▶ Task brief
Down to the last line, set down the listing below exactly, apart from its pictures.

▶ Supplied data
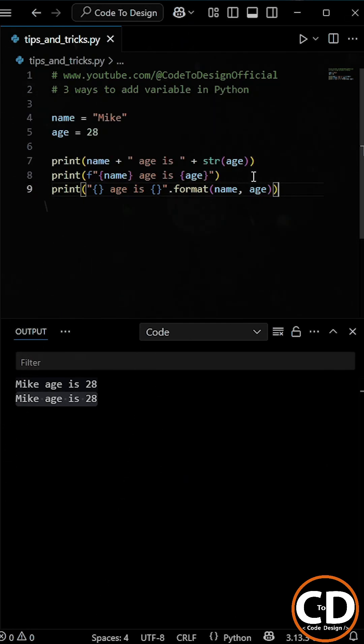The first variable will replace the first placeholder, the second will replace the second, and so on.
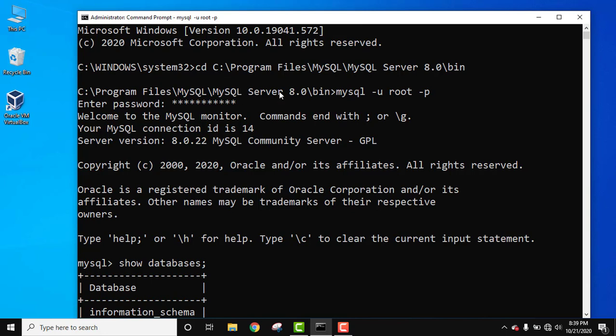After that we entered the bin directory, then we used mysql -u root, where u stands for user, root is our user, and -p for password. After using -p we press enter and enter the password. This started our server.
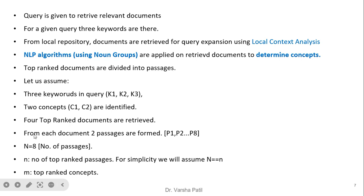For simplicity, four top-ranked documents are retrieved. From each document, two passages are formed, so with four documents and two passages each, there are eight passages total. From these eight passages, concepts are identified using NLP algorithms. Here N (capital) equals eight, the total number of passages. Small n refers to the top number of top-ranked passages, but for simplicity we assume small n equals capital N. M is the number of top-ranked concepts to be added to the original query.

▶ Solution
The first variable will replace the first placeholder, the second will replace the second, and so on.
After that we entered the bin directory, then we used mysql -u root, where u stands for user, root is our user, and -p for password. After using -p we press enter and enter the password. This started our server.
For simplicity, four top-ranked documents are retrieved. From each document, two passages are formed, so with four documents and two passages each, there are eight passages total. From these eight passages, concepts are identified using NLP algorithms. Here N (capital) equals eight, the total number of passages. Small n refers to the top number of top-ranked passages, but for simplicity we assume small n equals capital N. M is the number of top-ranked concepts to be added to the original query.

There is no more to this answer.